The Section also prescribes that every person arrested shall, within twenty-four hours, be taken to court.

Article 22(1) provides that no person who is arrested shall be detained in custody without being informed, as soon as may be, of the grounds for such arrest nor shall he be denied the right to consult, and to be defended by, a legal practitioner of his choice.

The two-judge Bench led by Justice Trivedi observed that a three-judge Bench in Vijay Madanlal Choudhary had already held that Section 19(1) of the PMLA has a reasonable nexus with the purposes and objects sought to be achieved by the PMLA and that the said provision is also compliant with the mandate of Article 22(1).

Any observation, the Justice Trivedi-led Bench said, made or any finding recorded by the division Bench of a lesser number of judges contrary to the said ratio laid down in Vijay Madanlal Choudhary is not valid. The Justice Trivedi-led Bench thus declared that Vijay Madanlal Choudhary held the field as of date.

The observations made by the Justice Trivedi-led Bench seem to conflict with a recent decision of the co-ordinate Bench in Pankaj Banal versus Union of India, on October 3, holding that the ED was required to furnish in writing the grounds of arrest to the accused without exception.

In the Pankaj Bansal case, a Bench comprising Justices A.S. Bopanna and Sanjay Kumar held, “To give true meaning and purpose to the constitutional and statutory mandate of Section 19(1) of the Act of 2002 of informing the arrested person of the grounds of arrest, we hold that it would be necessary, henceforth, that a copy of such written grounds of arrest is furnished to the arrested person as a matter of course and without exception.”

Senior advocate Abhishek Manu Singvi, for the petitioner, argued before the Justice Trivedi-led Bench that the judgment in the Pankaj Bansal case should be given retrospective effect.

The Justice Trivedi-led Bench rejected the contention and held that the very use of the word “henceforth” implied that the said requirement of furnishing grounds of arrest in writing to the arrested person as soon as possible after his arrest was not mandatory or obligatory till the date of the said judgment.

The submission of the learned senior counsel Mr Singhvi for the appellant that the said judgment was required to be given effect retrospectively cannot be accepted when the judgment itself states that it would be necessary ‘henceforth’ that a copy of such written grounds of arrest is furnished to the arrested person as a matter of course and without exception,” the Justice Trivedi-led Bench held.

The Bench added that non-furnishing grounds of arrest in writing till the date of pronouncement of judgment in the Pankaj Bansal case could neither be held to be illegal nor could the action of the concerned officer not furnishing the same in writing be faulted with.

The Justice Trivedi-led Bench was ruling on a petition filed by one Ram Kishor Arora against a Delhi High Court Order whereby his petition seeking to declare his arrest on June 27, 2023, by the ED as illegal and violative of the fundamental rights guaranteed to the appellant under Articles 14, 20 and 21 of the Constitution of India, was dismissed.

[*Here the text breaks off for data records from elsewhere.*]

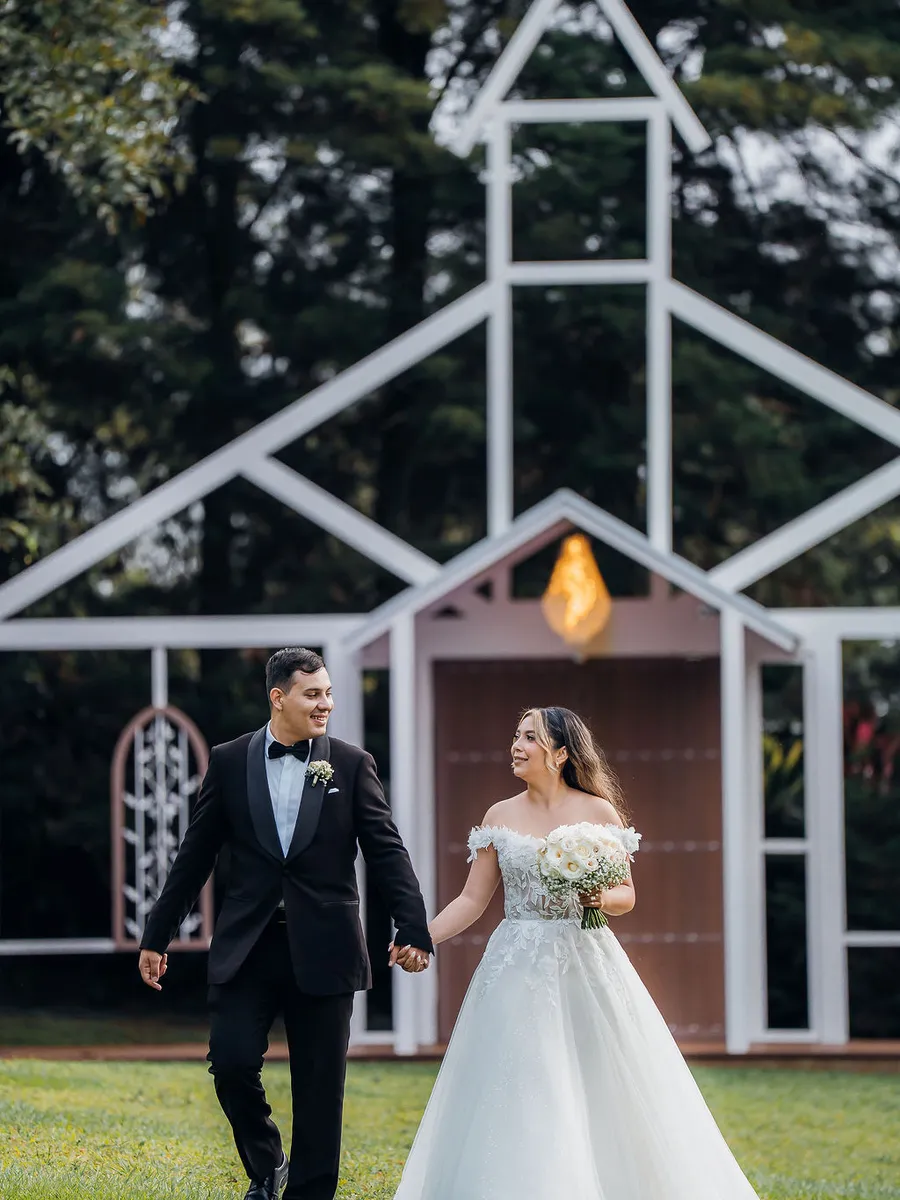 Novios caminando sobre el prado con la Fachada de la Iglesia iluminada detrás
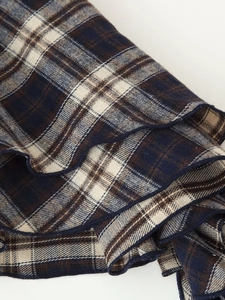 Detailed close-up of plaid fabric with dark blue, brown and cream stitching texture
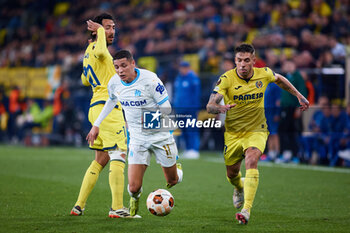 2024-03-14 - Amine Harit of Olympique de Marseille competes for the ball with Dani Parejo (L) and Kiko Femenia (R) of Villarreal during the UEFA Europa League, Round of 16, 2nd leg football match between Villarreal CF and Olympique de Marseille on March 14, 2024 at Estadio de la Ceramica in Villarreal, Spain - FOOTBALL - EUROPA LEAGUE - VILLARREAL V MARSEILLE - UEFA EUROPA LEAGUE - SOCCER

Arora is the founder of M/s Supertech Limited, a real estate company which, along with its group companies, had undertaken various projects in Delhi National Capital Region and at other places in Uttar Pradesh during the period 1988–2015.

Due to various reasons, 26 first information reports came to be registered against the Arora in various jurisdictions. On September 9, 2021, the ED registered an enforcement case information report against M/s Supertech Ltd and others and started an investigation under the PMLA.

Dismissing the petition, the Justice Trivedi-led Bench held that it was not disputed that Arora was handed over the document containing the grounds of arrest when he was arrested, and he also put his signature below the said grounds of arrest, after making an endorsement that, “I have been informed and have also read the above-mentioned grounds of arrest.”

Arora, in a rejoinder, did not dispute this fact.

Since the appellant was indisputably informed about the grounds of arrest and he having also put his signature and the endorsement on the said document of having been informed, we hold that there was due compliance of the provisions contained in Section 19 of the PMLA and his arrest could neither be said to be violative of the said provision nor of Article 22(1) of the Constitution of India,” the Bench held.